Mesothelioma therapy can be done in a variety of ways. In general, the patient must undergomesothelioma staging with histological and radiological studies. Tumor-specific measurements (such as chest CT or MRI) may be taken before treatment to monitor the effects of the cancer-causing virus. These images are compared with images taken after completing virotherapy treatment.
Tumor-specific promoters can be identified and used to ensure that oncogenic viruses specifically target mesothelioma cells and do not affect healthy cells. For example, the researchers modified adenoviruses to contain a tumor-specific promoter called Survivin.12. This modification improved the ability of the adenovirus to infect mesothelioma cells and prevented it from infecting other cells. Other viral binding agents, such as cytokines, may enhance the tumor-killing effects of cancer-causing viruses.

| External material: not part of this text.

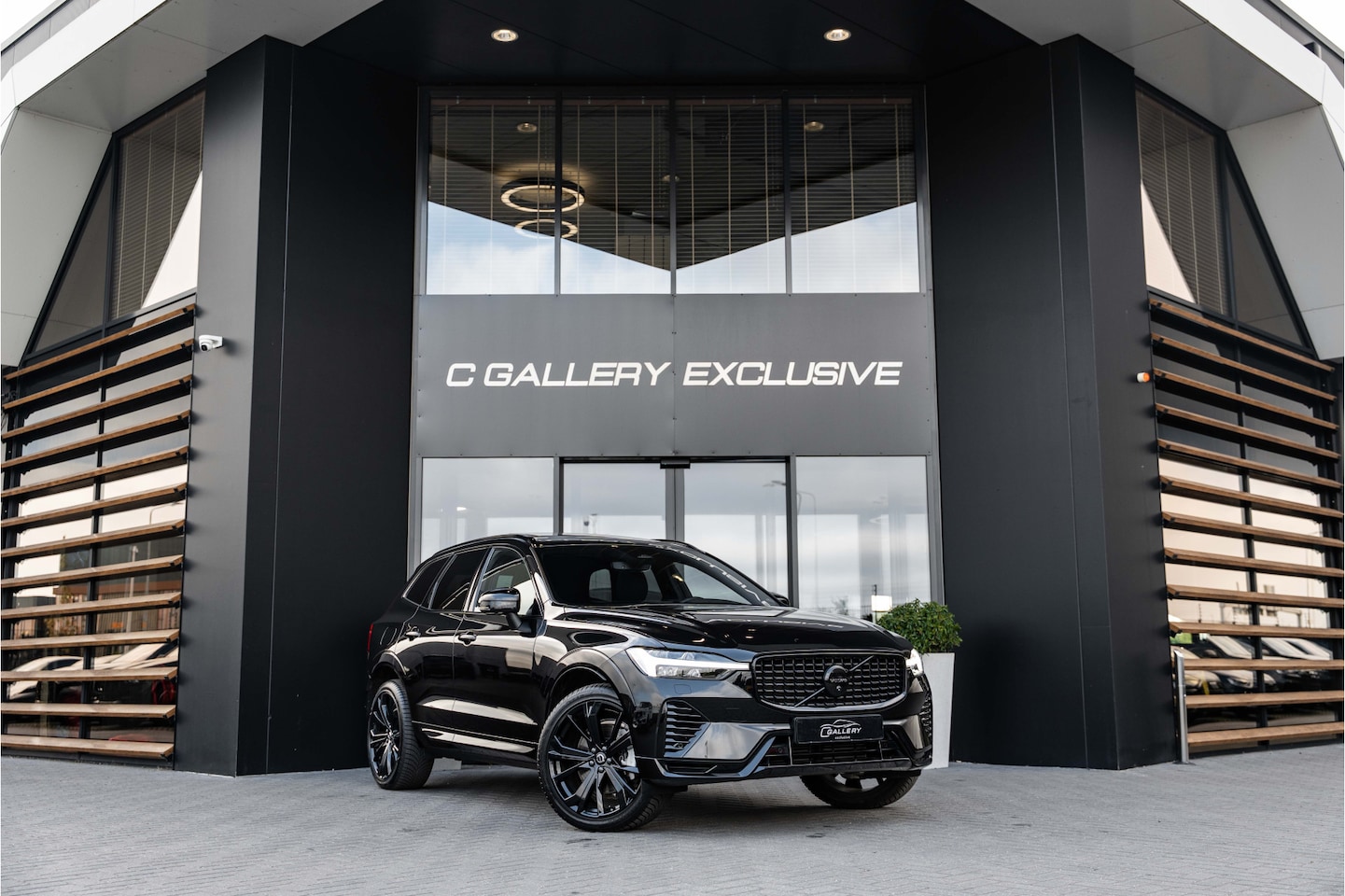 Volvo XC60 - 2.0 T6 Plug-in hybrid AWD Plus Black Edition - Panorama | H&K | Memory | 360 Camera - AutoWereld.nl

Virotherapy and Other Experimental Treatments
Mesothelioma therapy may be even more effective when combined withother traditional and experimental therapies.Laboratory studies have shown that drugschemotherapy with oncolytic viruses were more successful in killing mesothelioma cells when combined with cisplatin and pemetrexed, a standard treatment for malignant mesothelioma.
Because viruses directly affect cancer cells and stimulate the immune system, there is great potential to combine virotherapy with immunotherapy. Some of the modifications made to oncolytic viruses are actually a form of immunotherapy. For example, when the vaccine virus is conjugated with the cytokine IL-2, the virus combination not only destroys malignant mesothelioma cells from the inside, but also stimulates a strong immune response against cancer cells, their destruction is done by right.
Laboratory studies and early clinical trials have shown that the combination of therapeutics and viral immunotherapy is a powerful combination, even in tumor cancer cells. malignant mesothelioma. Clinical trials are being recruited to test this combination in patients.
Clinical Trial Of Virotherapy
To date, the main viruses used in mesothelioma therapy are adenovirus, herpes simplex virus, measles virus, and vaccine virus. Approximately half of the 60 patients with malignant mesothelioma treated with oncolytic adenovirus had a clinical response. Initial trials with the modified vaccine virus showed that the oncolytic virus was safe but did not significantly disrupt mesothelioma cells. Trials for the modified immunized virus, GL-ONC1, measles oncogenic virus (MV-NIS), herpes simplex virus and other latent viruses are underway. Continuing cancer research into new treatments such as immunotherapy, gene therapy, and oncolytic virus therapy offers hope for a cure.